Global oil price spikes are driving fuel costs higher in Georgia, with branded fuel stations beginning price adjustments on March 7. Recent data shows fuel prices increasing by 2–12 tetri, while diesel - most affected by global volatility - has risen by up to 18 tetri. Diesel remains the most sensitive product to geopolitical shocks, and local importers expect the upward trend to continue.
Energy and transport expert Liana Jervalidze says Georgia does not face a supply disruption, as regional supply chains remain intact. With access to Azerbaijan, Russia, Romania and Bulgaria, the country can continue importing fuel without shortages. However, the key challenge is cost, not supply. Georgia’s small and competitive market, she argues, allows the country to negotiate relatively favorable prices despite global turbulence.

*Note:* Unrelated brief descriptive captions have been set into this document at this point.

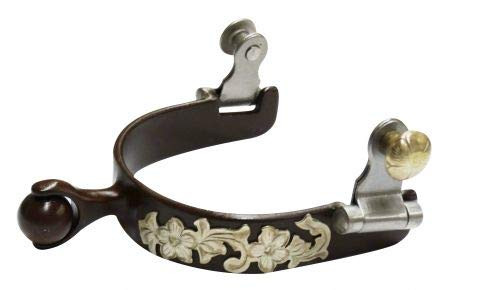 Showman Ladies Brown Steel Roller Ball Spurs w/ Engraved Silver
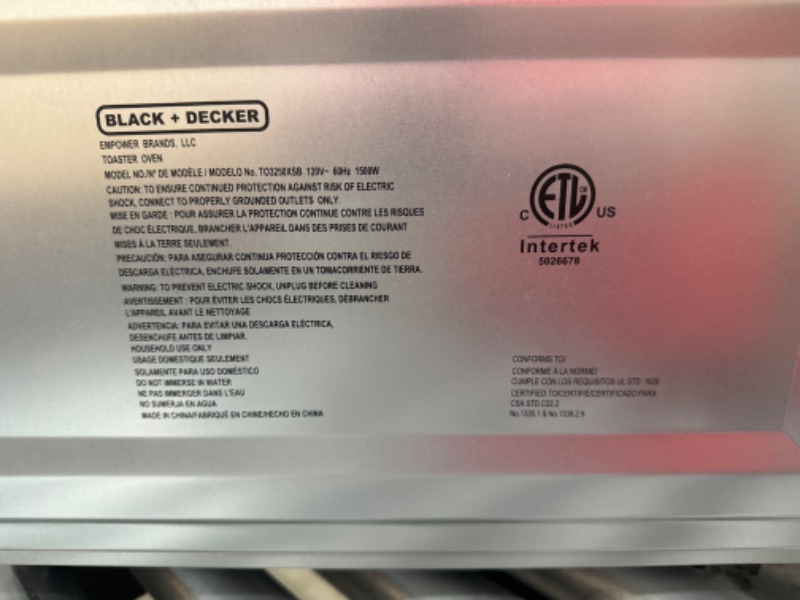 Photo 7 of **SEE NOTES** BLACK+DECKER 8-Slice Extra Wide Convection Toaster Oven, TO3250XSB, Fits 9"x13" Oven Pans and 12" Pizza, Stainless Steel/Black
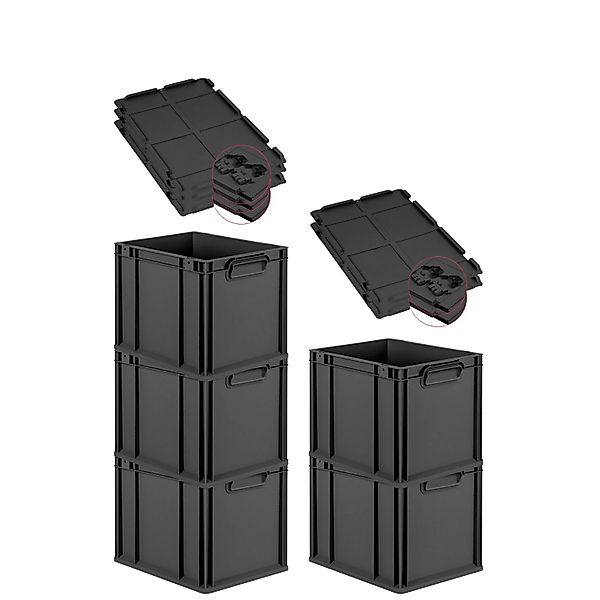 PROREGAL SuperSparSet 5x Eurobox Nextgen Grip Mit Scharnierdeckel Und Schwa günstig online kaufen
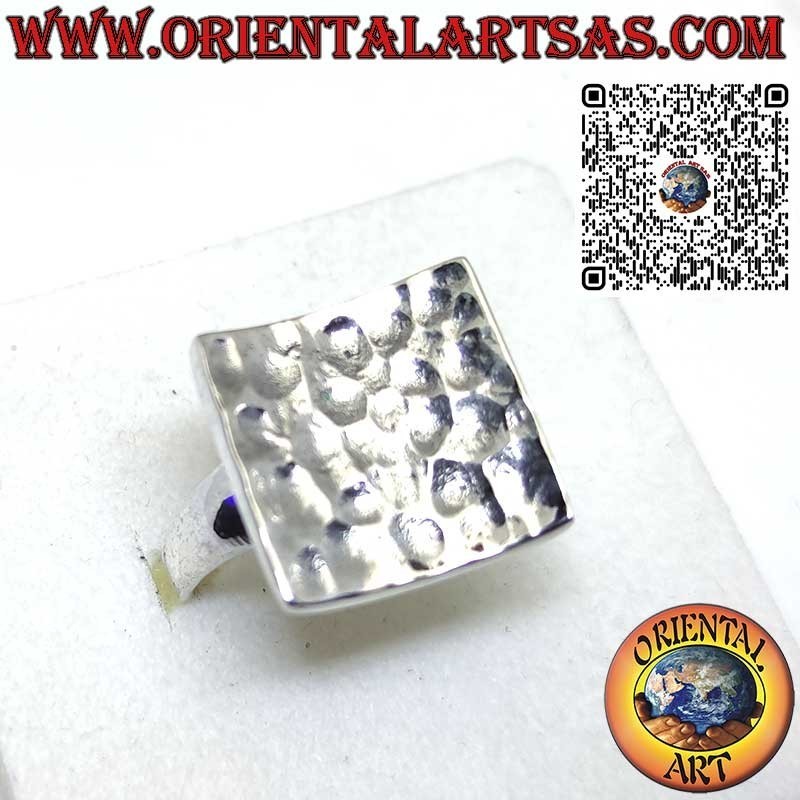 925 Silber Konkaver quadratischer gehämmerter Ring Handgefertigt von Karen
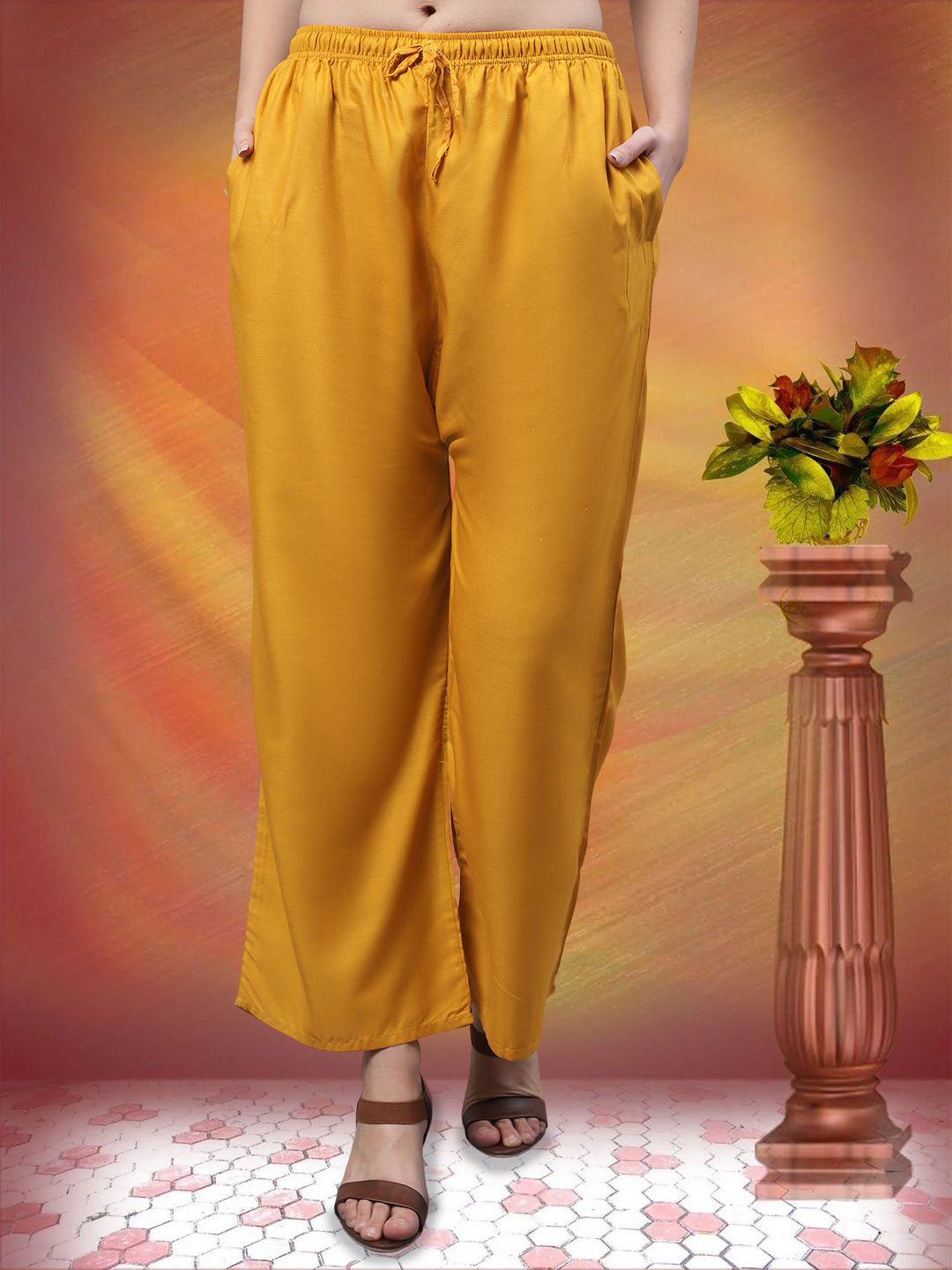 GRACIT Women Solid Knitted Ethnic Flaired Side Pocket Palazzos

Asked what the government can do to cushion consumers from rapid price hikes and inflationary pressure, Jervalidze avoids specific policy recommendations but stresses that any targeted state support should prioritize agriculture. With spring agricultural works approaching - and diesel being essential for the sector - she believes this field should be the government's first consideration.
On the possibility of temporarily reducing excise tax, as South Korea recently announced, Jervalidze notes that excise revenue makes up a significant share of Georgia’s budget - roughly GEL 800 million annually. Any reduction would require identifying ways to offset the shortfall. Because the budget is already allocated, she says, the government must evaluate whether such a measure is fiscally feasible.